The company that built decentralized finance (DeFi) powerhouse Balancer is shutting down.
Balancer co-founder Fernando Martinelli announced on Tuesday the closure of Balancer Labs, the company that incubated and funded the decentralized exchange protocol.
The decision comes about five months after a v2 exploit in November 2025 that drained about $110 million in digital assets, as CoinDesk first reported, including osETH, WETH and wstETH, the third known security breach for the project and the one that created the legal exposure cited by Martinelli as the reason for shutting down BLabs.
“BLabs, as a company, has become a liability rather than an asset to the future of the protocol and is simply not sustainable without any revenue stream,” Martinelli wrote in a governance forum post.
Martinelli added that he was “seriously considering” stopping everything altogether. But he did not call for a complete cessation because the protocol still generates revenue.
Balancer was one of the defining names of the DeFi boom. At its peak in late 2021, the protocol held a total value locked of nearly $3.5 billion, placing it alongside Aave, Uniswap, and Curve as foundational infrastructure for decentralized commerce.
DeFiLlama data shows that TVL stood at $2.96 billion as of October 2021, with fees exceeding $6 million annualized. But the TVL now stands at $157 million, down 95% from the peak.
The market capitalization fell to $10 million. BAL is trading at $0.16 against a fully diluted valuation of $11 million, meaning it is trading well below NAV.
Balancer has produced over $1 million in annualized fees over the past three months. This is not enough to sustain the current operation, but it is enough to support another much lighter one.
The restructuring plan proposed by the remaining team is aggressive. BAL emissions would be reduced to zero, ending what Martinelli described as a “circular corruption economy that costs more than it generates.”
The veBAL governance model, which he said was captured by meta-governance protocols like Aura and bribe markets that made voting “unrepresentative of the actual Balancer frontline,” would be removed.
Protocol fees would be restructured so that the DAO treasury captures 100% of revenue instead of the current 17.5%. The v3 protocol share would drop to 25% to attract organic liquidity. And a BAL buyback would provide holders with exit liquidity at a fair price.
“If you believe in the restructured Balancer, you stay.
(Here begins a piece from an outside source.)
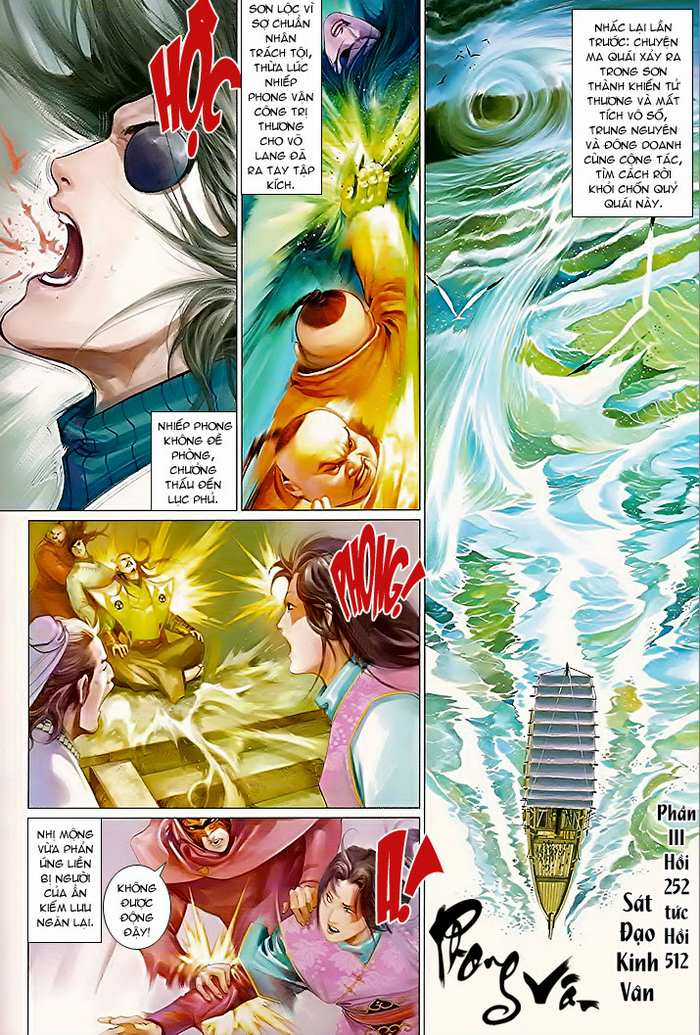 Phong Vân Chapter 512 trang 1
If you don’t, you get a fair exit,” Martinelli wrote. “It’s an honest transaction, and it eliminates the surplus.”
Core BLabs team members would be absorbed into Balancer OpCo pending a governance vote. Martinelli himself will have no formal relationship with the protocol after the liquidation, but has offered to serve as an advisor.
The scope of the product narrows down to five areas where the team sees differentiation: reCLAMM pools, liquidity seed pools, stable token and liquid staking pools, weighted pools, and expansion to non-EVM chains. Everything else is cut.
BAL was trading at $0.72 as of Tuesday morning, down about 88% from its all-time high.